Comment by craftkiller
5 days ago
No need to keep it to yourself. As you've mentioned, all of these requirements are misinformation so you can ignore people who repeat them (or even better, tell them to stop spreading misinformation).
For those not in the know:
You don't need to use enterprise quality disks. There is nothing in the ZFS design that requires enterprise quality disks any more than any other file system. In fact, ZFS has saved my data through multiple consumer-grade HDD failures over the years thanks to raidz.
The 1 gig per TB figure is ONLY for when using the ZFS dedup feature, which the ZFS dedup feature is widely regarded as a bad idea except in VERY specific use cases. 99.9% of ZFS users should not and will not use dedup and therefore they do not need ridiculous piles of ram.
There is nothing in the design of ZFS any more dangerous to run without ECC than any other filesystem. ECC is a good idea regardless of filesystem but its certainly not a requirement.
And you don't need x5 disks of redundancy. It runs great and has benefits even on single-disk systems like laptops. Naturally, having parity drives is better in case a drive fails but on single disk systems you still benefit from the checksumming, snapshotting, boot environments, transparent compression, incremental zfs send/recv, and cross-platform native encryption.
One reason why it might be a good idea to use higher quality drives when using ZFS is because it seems like in some scenarios ZFS can result in more writes being done to the drive than when other file systems are used. This can be a problem for some QLC and TLC drives that have low endurance.
I'm in the process of setting up a server at home and was testing a few different file systems. I was doing a test where I had a program continuously synchronously writing just a single byte every second (like might happen for some programs that are writing logs fairly continuously). For most of my tests I was just using the default settings for each file system. When using ext4 this resulted in 28 KB/s of actual writes being done to the drive which seems reasonable due to 4 KB blocks needing to be written, journaling, writing metadata, etc... BTRFS generated 68 KB/s of actual writes which still isn't too bad. When using ZFS about the best I could get it to do after trying various settings for volblocksize, ashift, logbias, atime, and compression settings still resulted in 312 KB/s of actual writes being done to the drive which I was not pleased with. At the rate ZFS was writing data, over a 10 year span that same program running continuously would result in about 100 TB of writes being done to the drive which is about a quarter of what my SSD is rated for.
One knob you could change that should radically alter that is zfs_txg_timeout which is how many seconds ZFS will accumulate writes before flushing them out to disk. The default is 5 seconds, but I usually increase mine to 20. When writing a lot of data, it'll get flushed to disk more often, so this timer is only for when you're writing small amounts of data like the test you just described.
> like might happen for some programs that are writing logs fairly continuously
On Linux, I think journald would be aggregating your logs from multiple services so at least you wouldn't be incurring that cost on a per-program basis. On FreeBSD with syslog we're doomed to separate log files.

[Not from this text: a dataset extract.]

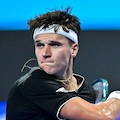 Jakub Mensik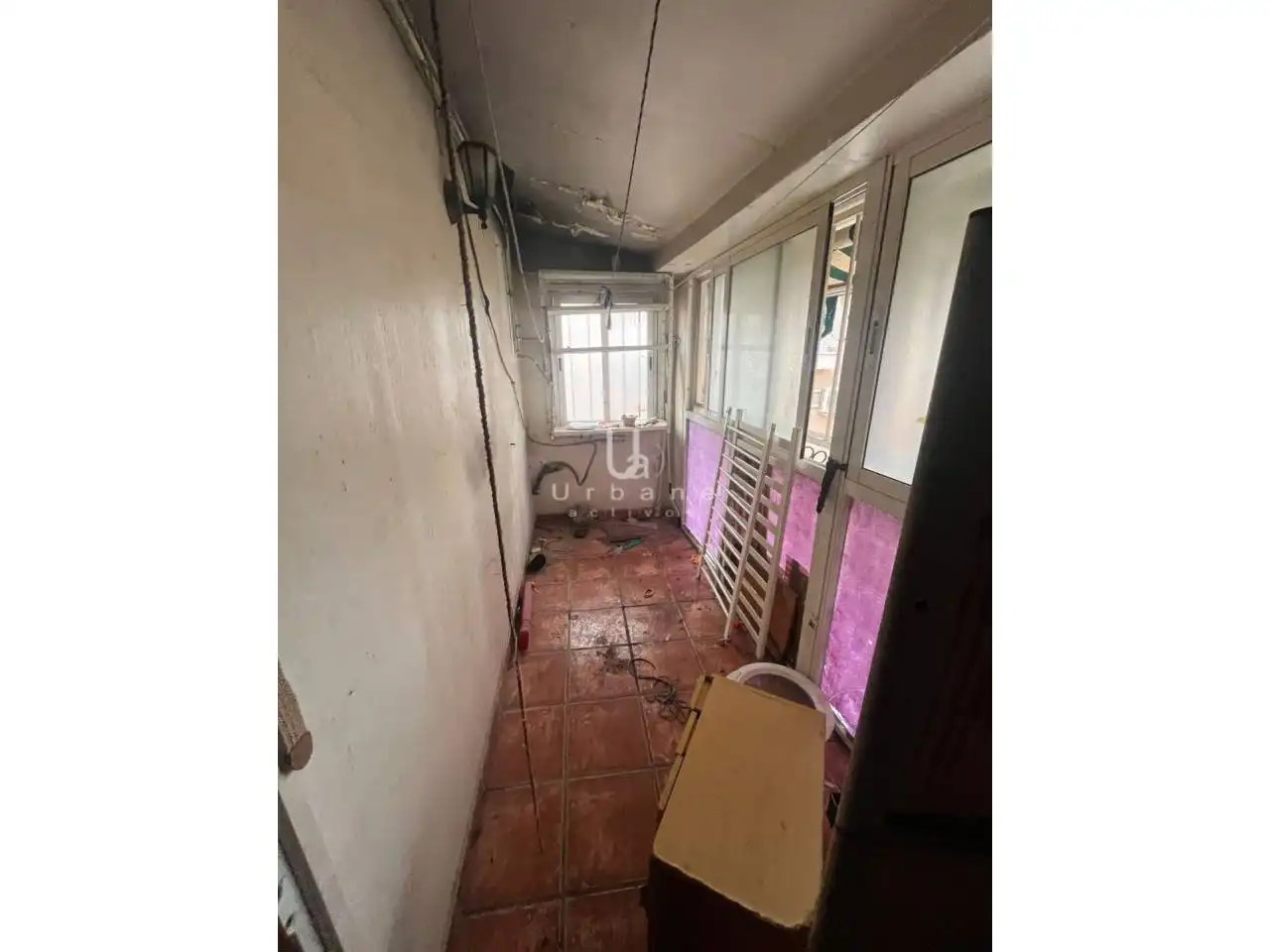 Houses for sale in Murcia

> over a 10 year span that same program running continuously would result in about 100 TB of writes being done to the drive which is about a quarter of what my SSD is rated for
I sure hope I've upgraded SSDs by the year 2065.
> One knob you could change that should radically alter that is zfs_txg_timeout which is how many seconds ZFS will accumulate writes before flushing them out to disk.
I don't believe that zfs_txg_timeout setting would make much of a difference for the test I described where I was doing synchronous writes.
> On Linux, I think journald would be aggregating your logs from multiple services so at least you wouldn't be incurring that cost on a per-program basis.
The server I'm setting up will be hosting several VMs running a mix of OSes and distros and running many types types of services and apps. Some of the logging could be aggregated but there will be multiple types of I/O (various types of databases, app updates, file server, etc...) and I wanted to get an idea of how much file system overhead there might be in a worst case kind of scenario.
> I sure hope I've upgraded SSDs by the year 2065.
Since I'll be running a lot of stuff on the server, I'll probably have quite a bit more writing going on than the test I described so if I used ZFS I believe the SSD could reach its rated endurance in just several years.
>I sure hope I've upgraded SSDs by the year 2065.
My mind jumped at that too when I first read parent's comment. But presumably he's writing other files to disk too. Not just that one file. :)
1 reply →
> The 1 gig per TB figure is ONLY for when using the ZFS dedup feature, which the ZFS dedup feature is widely regarded as a bad idea except in VERY specific use cases. 99.9% of ZFS users should not and will not use dedup and therefore they do not need ridiculous piles of ram.
You also really don't need a 1GB for RAM unless you have a very high write volume. YMMV but my experience is that its closer to 1GB for 10TB.